The Prudent Fiduciary

Scott Pritchard | Principal

A look at the major issues that are shaping fiduciary best practices today.

All Fiduciaries Are Not The Same-Part II

August 2010

Judging by the tremendous response to Part I on this topic, it is safe to say that plan sponsors and their advisors now have a keen interest in the fiduciary issue.

Whether driven by high-profile lawsuits or a genuine desire by plan sponsors to do the right thing, this increased interest will hopefully lead to improvements in fiduciary governance of the nation’s retirement plans and greater retirement security for millions of Americans.
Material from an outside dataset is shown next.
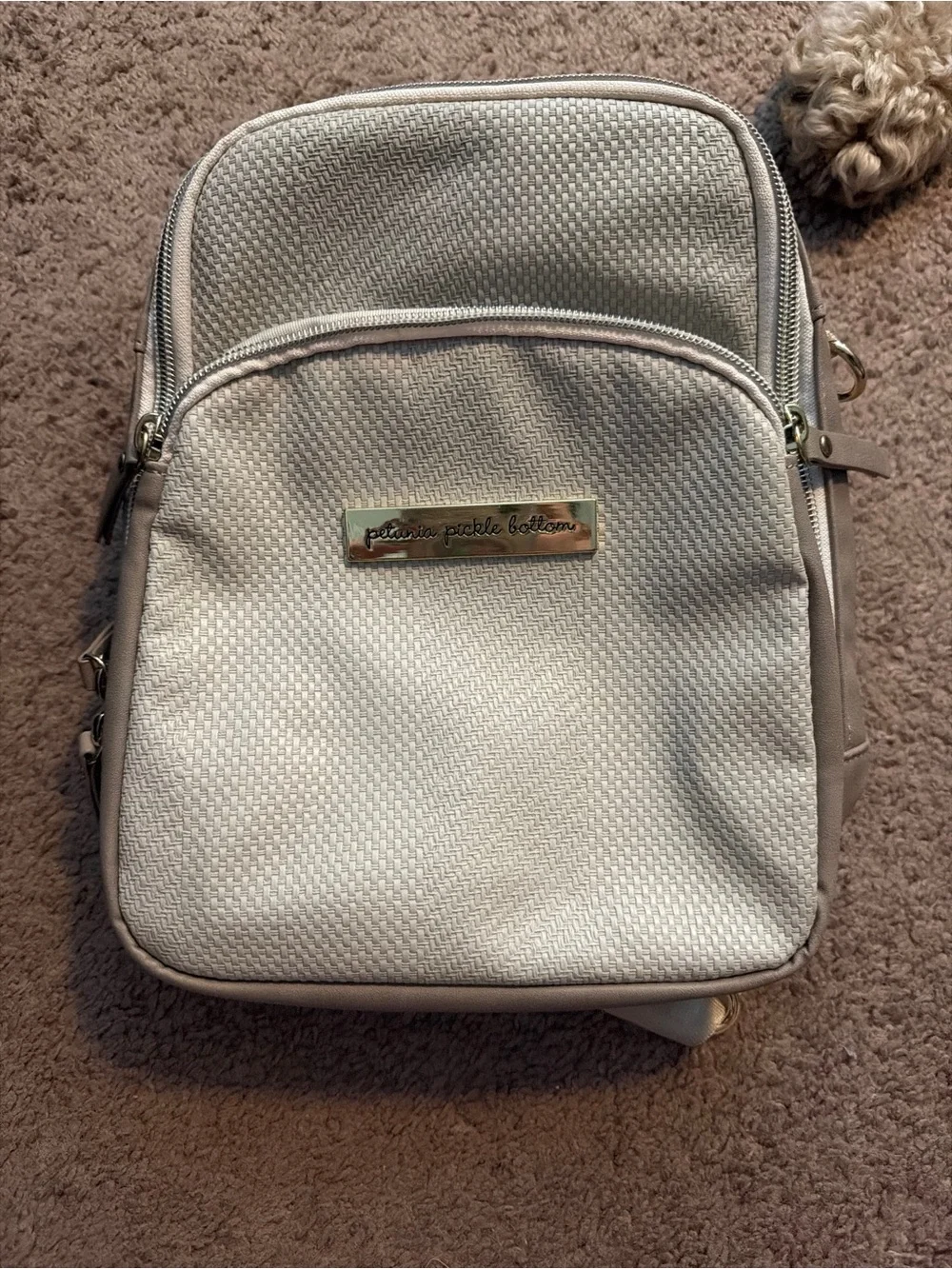 Petunia Pickle Bottom Criss-Cross Sling Diaper Bag Backpack Neutrals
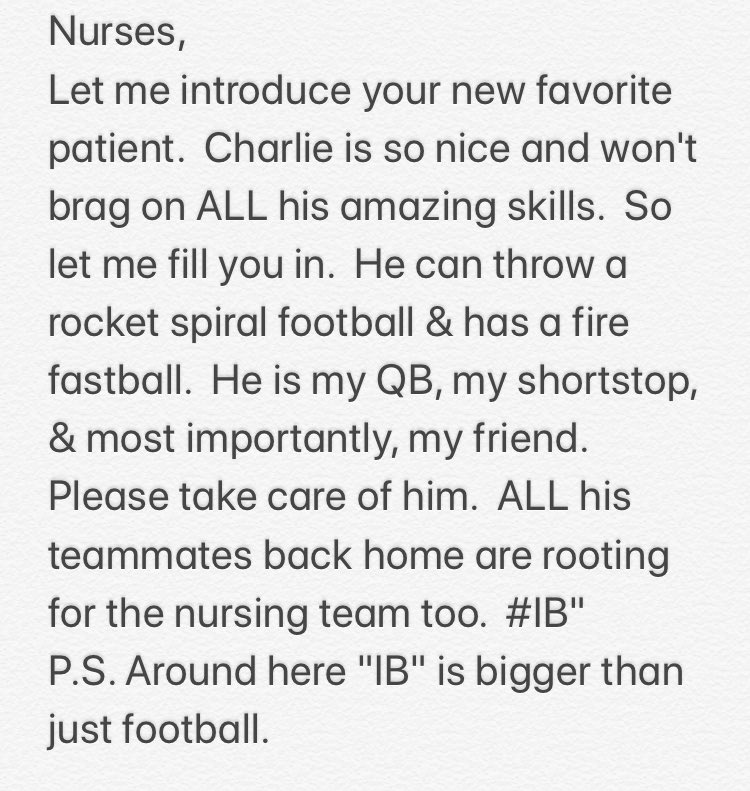 This is a note that was written to the Nurses of Charlie Whitten by one of his classmates. #charliestrong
In Part I on this subject, we differentiated between the two main types of fiduciary advisors to retirement plans: ERISA Section 3(21) fiduciary advisors and ERISA Section 3(38) investment managers. As you will recall, the main differentiator is the following:

   • 3(21) fiduciary advisors make recommendations

   • 3(38) investment managers make decisions

This would seem to be a very clear distinction. However, given how many service providers are now attempting to capitalize on plan sponsor interest in the term “fiduciary,” how does a plan sponsor specifically identify which type of fiduciary they are dealing with, or if they are even dealing with a true fiduciary at all?

  1. Perhaps the easiest way is to consider your investment selection process. From the very beginning of the relationship with your service provider, how were the investments for your plan selected?

    In most plans, the service providers proudly present their line-up of five-star funds* to the trustees. The trustees say “Wow, looks great” and sign the document approving the line-up. Then, in periodic follow-up meetings, the service provider offers up monitoring reports that track the performance of the funds in the plan. When some of those previously stellar funds begin to underperform, the service provider suggests replacement funds. Typically, the trustees say “sure, looks good” and the change is made.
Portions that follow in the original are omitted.